The attack was faster, sharper—more cunning than anything Mitra’s group had thrown at her so far. But, still disintegrated in midair, melting away before crossing the forty-foot mark.
Scarlett barely had time to smirk before the ground near her trembled. With a wet, tearing sound, colossal mushrooms erupted from the earth—thick, towering things as tall as ancient oaks, their caps unfurling like umbrellas. A thick, shimmering mist seeped from their gills, swirling through the air in a deliberate attempt to smother her fire.
She scoffed. With a flick of her fingers, a concussive blast of heat erupted from her around her, scattering the mist in a rippling shockwave. The mushrooms blackened instantly, crumbling into ash before they could fully release their mist.

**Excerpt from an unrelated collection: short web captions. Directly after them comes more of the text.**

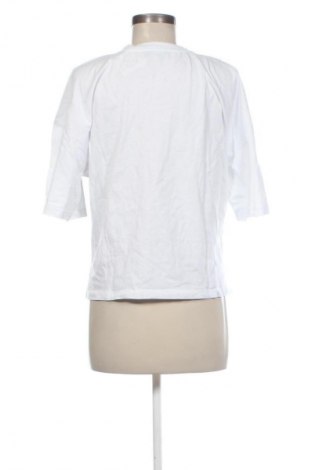 Damen T-Shirt Yfl Reserved, Größe XS, Farbe Mehrfarbig, Preis € 8,70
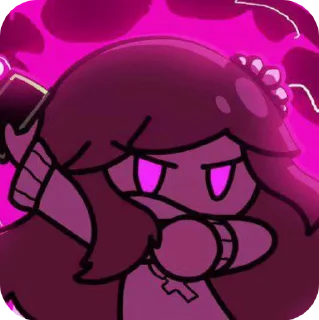 Sticker from Daisy :: @SubSticks @fStikBot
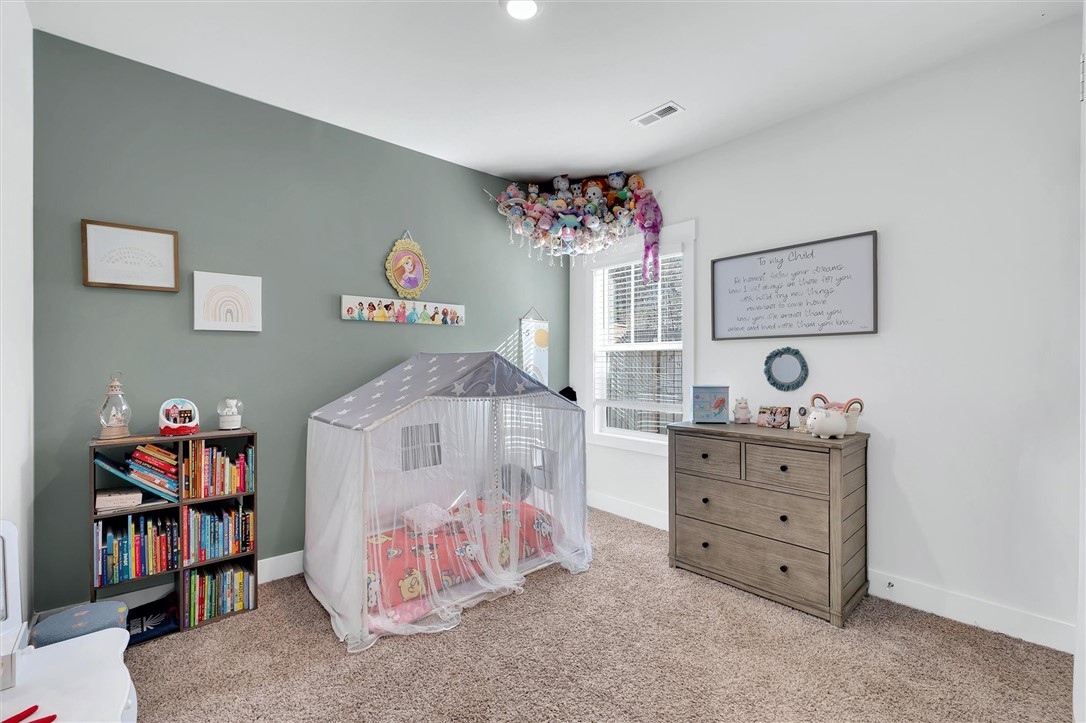 136 Walking Stick Way Pelzer, SC 29669 - Photo 20 of 25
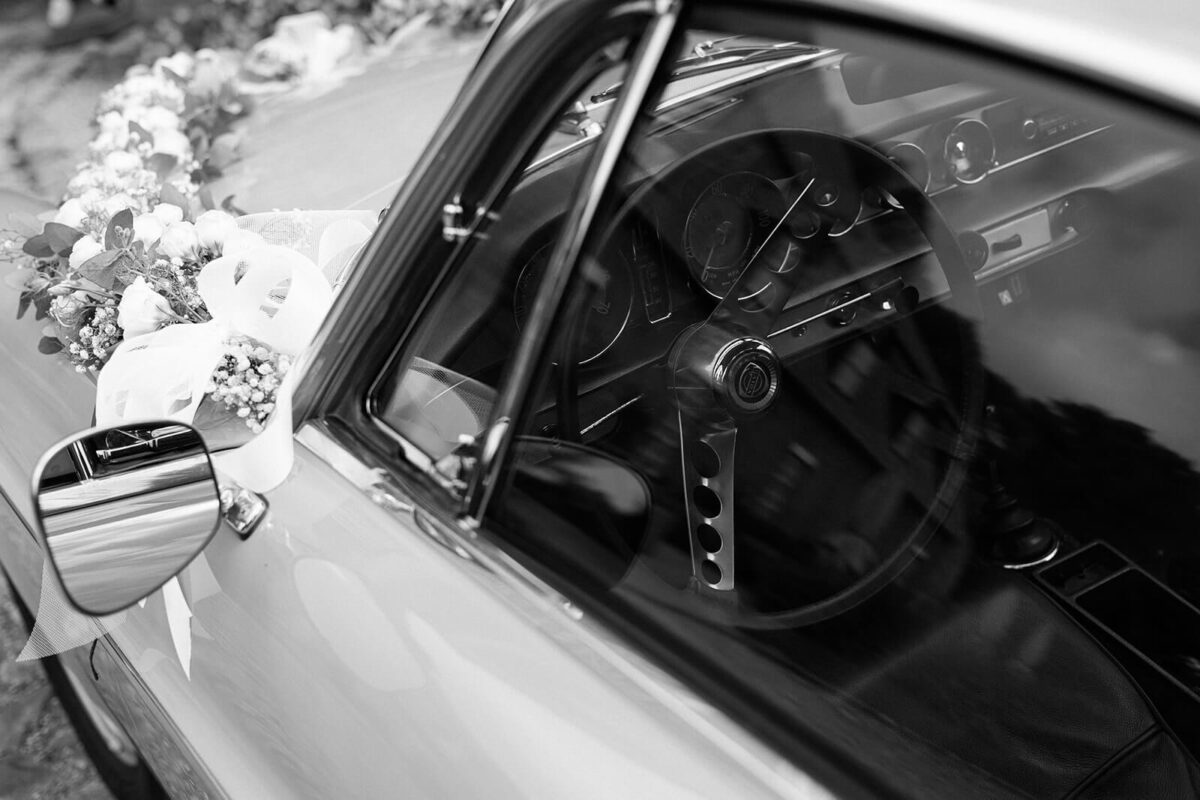 13.11.2025 portfoliost2 1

But as the haze cleared, something even stranger emerged.
Dozens of small, shuffling figures stood in the scorched earth where the mushrooms had been—creatures no taller than three feet, their bulbous caps serving as heads atop stumpy, arm-legged bodies. Mushroom men.
Scarlett stared at the mushroom men.
For the first time since arriving in this forest, her flawless composure cracked. Her flames flickered, not from exertion, but from sheer disbelief.
They were adorable.
Tiny, wobbling creatures with caps too big for their stubby bodies, their little spore-spears raised in what they probably thought was a terrifying battle formation. Some even had what looked like faces—pinched, determined expressions beneath their fungal helmets. One of them sneezed, puffing out a tiny cloud of spores.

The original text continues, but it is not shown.